Gandhi was once asked how one could determine the rightness or wrongness of a thought or course of action. Which is when he proferred his admirable talisman: "ask yourself if the thought or the course of action you contemplate would bear benefit to the most wretched face you may ever have seen; if the answer is yes, then you are on the right path."
It may well be argued that this precisely is the object behind the NREGS; and given the "extreme" conditions in which India’s "poor naked wretches" subsist from hour to hour, the argument may not be all too fallacious. The question to ask, though, is whether this objective informs the totality of India’s model of development—which is what Gandhi would have asked as well.
With the enlightened King of Bhutan, Gandhi might have said that human growth in the collective ought to be measured not as Gross Domestic Product but as Gross Domestic Happiness, a wholly different perspective about the purposes of wielding political power.
And Gandhi would have agreed that "extreme" forms of behaviour among the polity cannot be remedied until such time as the "extreme" nature of sectarian objectives we propose to ourselves as principles of "development" and governance do not yield to systemic efforts to generate happiness in the widest commonality (in Wordworthian phrase).
And he would have pointed out that no just dispensation denies the truth of an argument which it finds congenial in its own defence to others whom it disinherits.

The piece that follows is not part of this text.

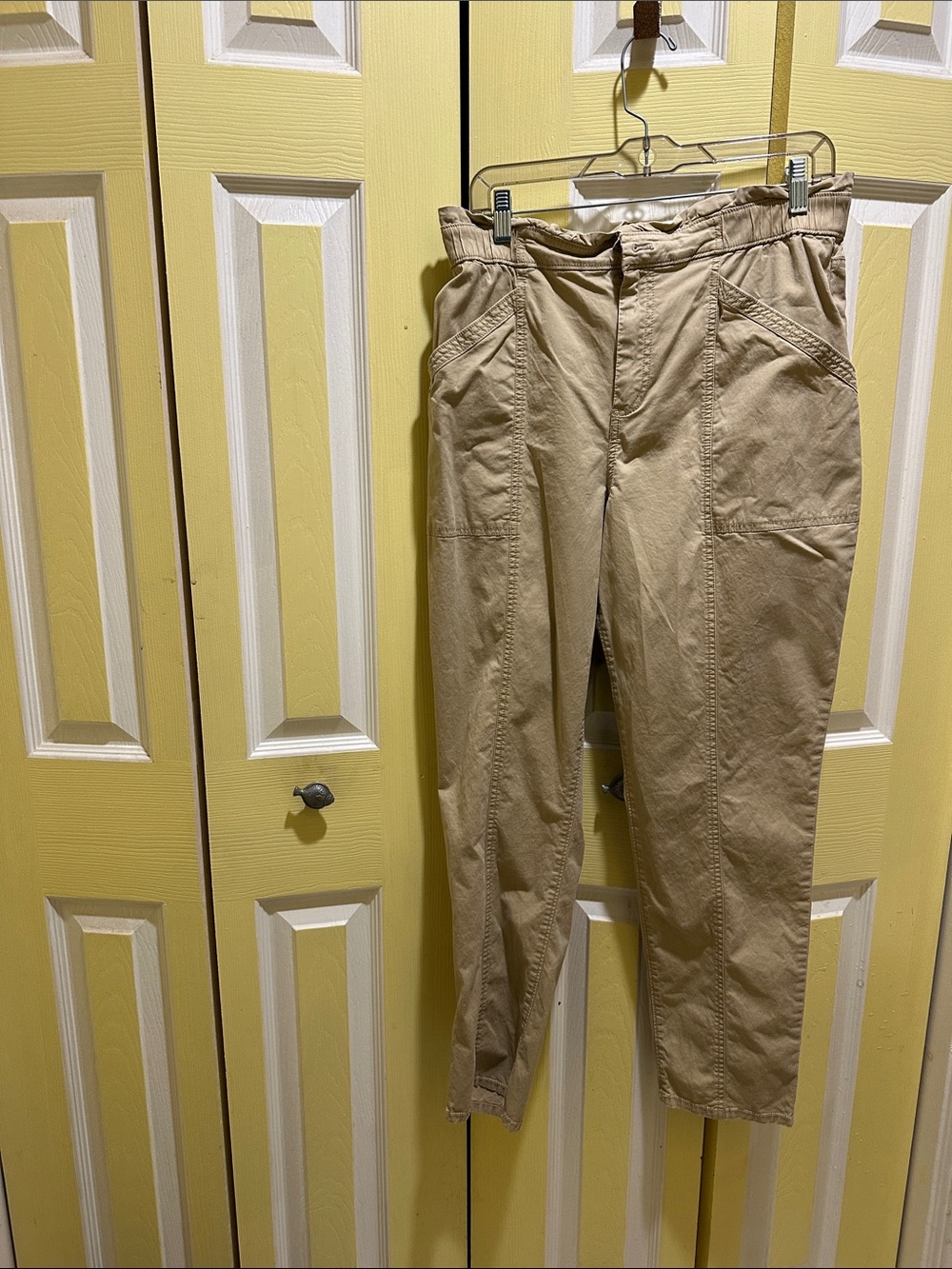 Women’s Casual Tan Utility Pants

Why then should not the piety-ridden chief executive of this land of many spiritualities (and what spirituality condones discrimination, injustice, or exploitation, not to speak of an unequal use of force to suppress "poor naked wretches"?) recognize the ethical and human superiority of the concept of Gross Domestic Happiness over Gross Domestic Product? And in doing so, revise his thesis about the many "extremisms" that beset the land?
He may recall that even the Congress party that led the movement against colonial oppression at one point found itself divided between what came to be called the "extremists" and the "moderates" (Jacobins and Girondists?). And the "extremists" were led by no less a figure than Bal Gangadhar Tilak. And it was their position that Constitutional methods or modalities alone could not be trusted to deliver freedom.
It is after all a poor argument for any state to make to the "poor naked wretches" that, however genuine or extreme your conditions, obedience alone defines your status as citizens. Think how often that argument has been made, and how often it has had to bite the dust.